@flabdablet said:
The nightmare cascading-failure RAID death scenarios I keep reading about should, given proper controller design, be quite extraordinarily rare.
I used to think that. Then I ran into hardware designed and sold in the real world.
Suppose, for the moment, that it's 2001. The real one, with Tiger Woods and Pope John Paul II, not the one with Stanley Kubrick and Richard Strauss. You have a small cluster of two machines built and configured by a major sever vendor which had been bought out by a minor desktop computer vendor which was then bought out by a company which makes Huge Printers, and it is designed to be COMPLETELY UNSTOPPABLE. You spend months having meetings with sales engineers who show you that there is no possible way that a hardware fault can ever slow this cluster down, and they even show diagrams demonstrating that you could fire a 50 cal bullet through the rack without taking out enough of the redundant systems to cause a problem. There are two independent pairs of RAID controllers each connected to multiple shelves full of mirrored drives, and the RAID sets themselves are mirrored in software, and the whole mess is managed by a Tru-ly amazing Cluster system that can handle any failure ever imagined.

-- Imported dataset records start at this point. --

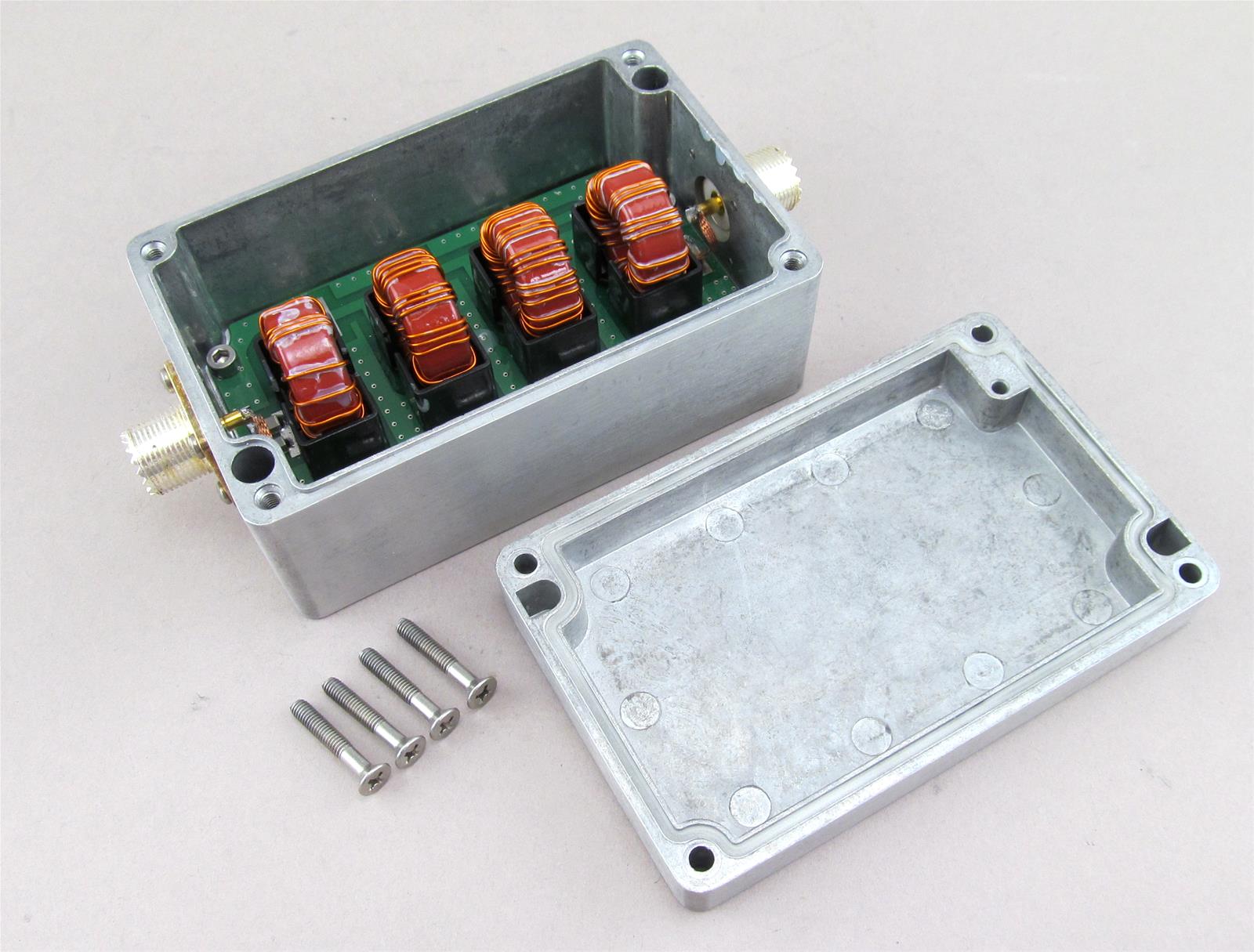 DLW Associates FL1718 DLW Associates AM Broadcast Band BrickWall High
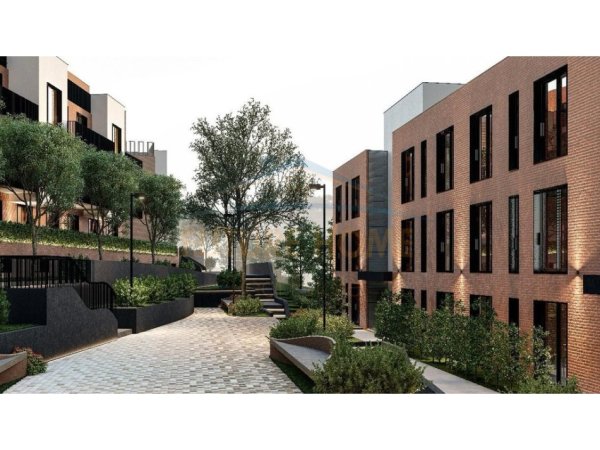 Tirane, shitet apartament , 100 m² 321.370 €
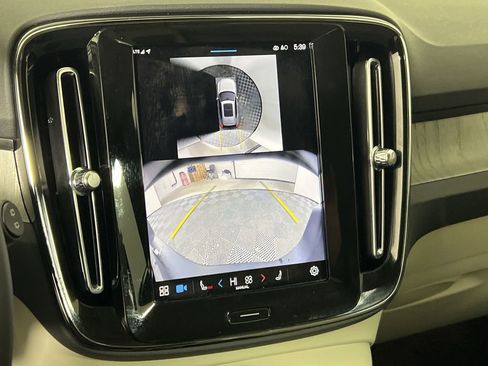 Used 2024 Volvo XC40 B5 Plus image 23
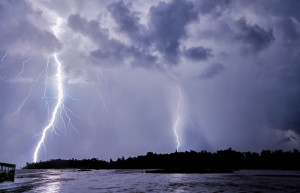 Молнии Кататумбо близ озера Маракайбо, Венесуэла – фотографии Венесуэлы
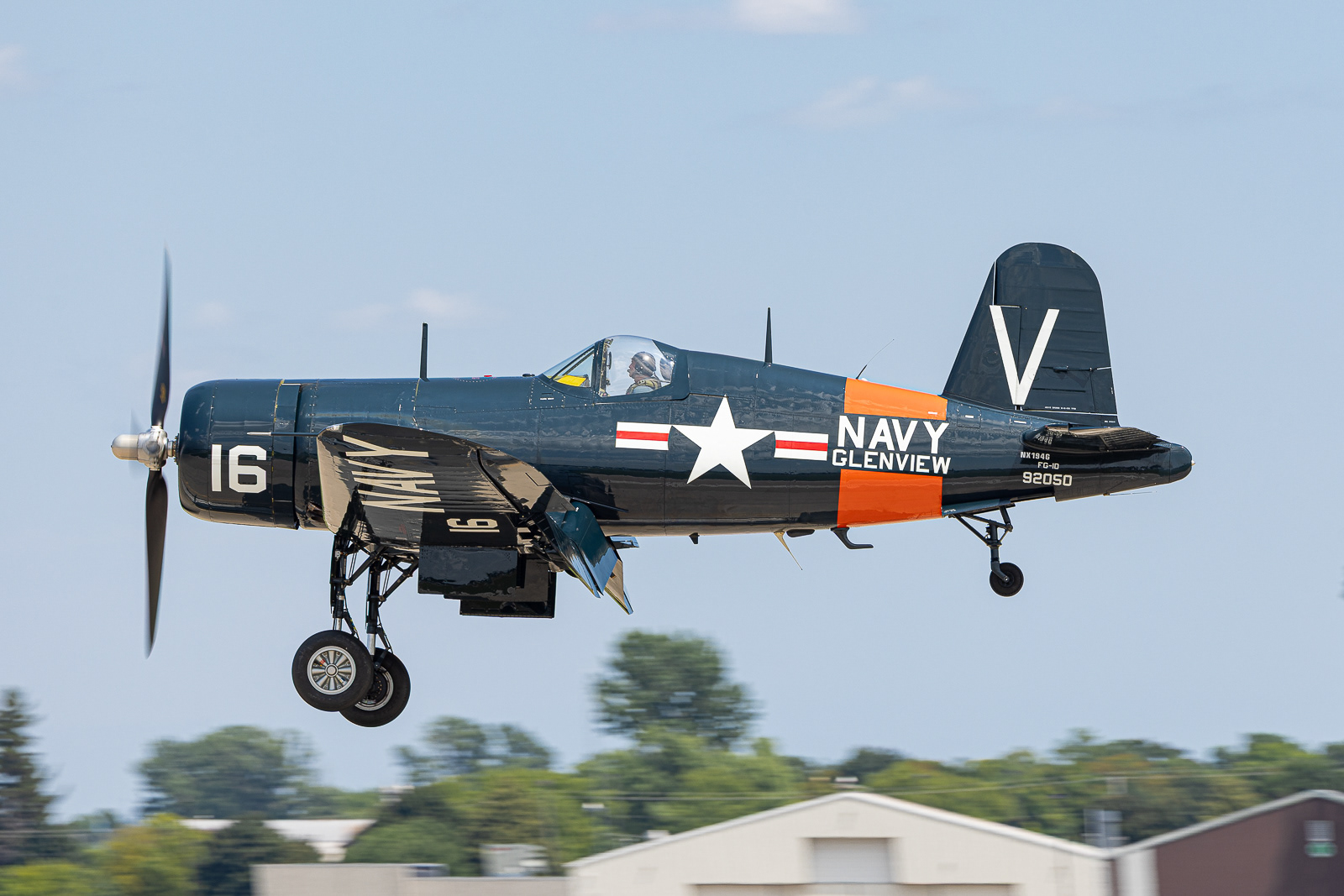 FG-1D Corsair / NX194G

Naturally, you don't believe any of this, since you are over the age of six and have met a salesperson before, but the design still looks good and it holds up to testing. Sure, the same guys who told you the system had 100% redundancy also plugged the power supplies for all four RAID controllers into the same power bar, but that's why you check all of these things yourself.
Eventually, you agree that the design is sound and that it is at least better than the system it was replacing, so one night you do the big switch-over to run all of the company's operations off of the new cluster. Everything goes smoothly, ridiculous certificates of appreciation are sent around to all of the wrong people, and your managers' manager's name gets mentioned at a board meeting. Yay.
Then, late one night, there's a tiny software hiccup in one of the RAID controllers, so it tries to restart itself and fails. But not to worry, there is actually a pair of controllers so the other one will seamlessly take o-- Oh, wait. It's running the same software, received exactly the same inputs and just hit exactly the same bug. So it tried to restart too, with the same result. Suddenly half of the RAID sets have disappeared, but that's okay because they are all mirrored with RAID sets on the other controllers, right?
Um, yeah. About that...
There's a Cluster suite monitoring them, and it noticed a loss of connectivity to some of its disks. And now, even though it still has network connectivity to every member of the cluster, it's concerned that some mysterious new cluster member, which has never before been seen, might now be writing to those missing disks so it invokes its standard split-brain defense system.
It disables all cluster resources which include the missing disks, and then tries to restart them.
And that fails because even though the logical volumes required are all visible, half of the physical volumes are (gasp) still unreachable.
So it fails to restart the cluster services. Several times. Naturally, this causes the cluster manager software to phone Roy in IT, who suggests a perfectly reasonable solution to the problem.
The entire cluster turns itself off and then on again.
Upon rebooting, each member of the cluster sees that half of its physical disks are still missing, and continues to assume that some evil twin cluster node has escaped from the Phantom Zone and is happily writing to the invisible disks so it quite naturally refuses to start up, leaving every node of the cluster stuck part-way through the boot process.
Naturally, none of this came out until we had time to analyze the logs later on. All that we knew at the time was that our entire unstoppable cluster had simply shut itself down in the middle of the night and that we needed it working again now. This involved someone seeing that one of the RAID controller pairs had flashing red lights on it and power cycling it, followed by doing the same to every other piece of hardware in the rack until they started working.
An elite team of sales engineers from Huge Printers came by later that week to help resolve the situation. They brought plenty of T-shirts, pens and coffee cups to help satisfy everyone that they were very serious about resolving our biggest concerns, and they sat in many dimly lit boardrooms to show that they meant business.
Their final answer, once all of the information had come out and the source of each of the cascading problems was identified?
"Um, yeah. It's supposed to do that. What did you expect?"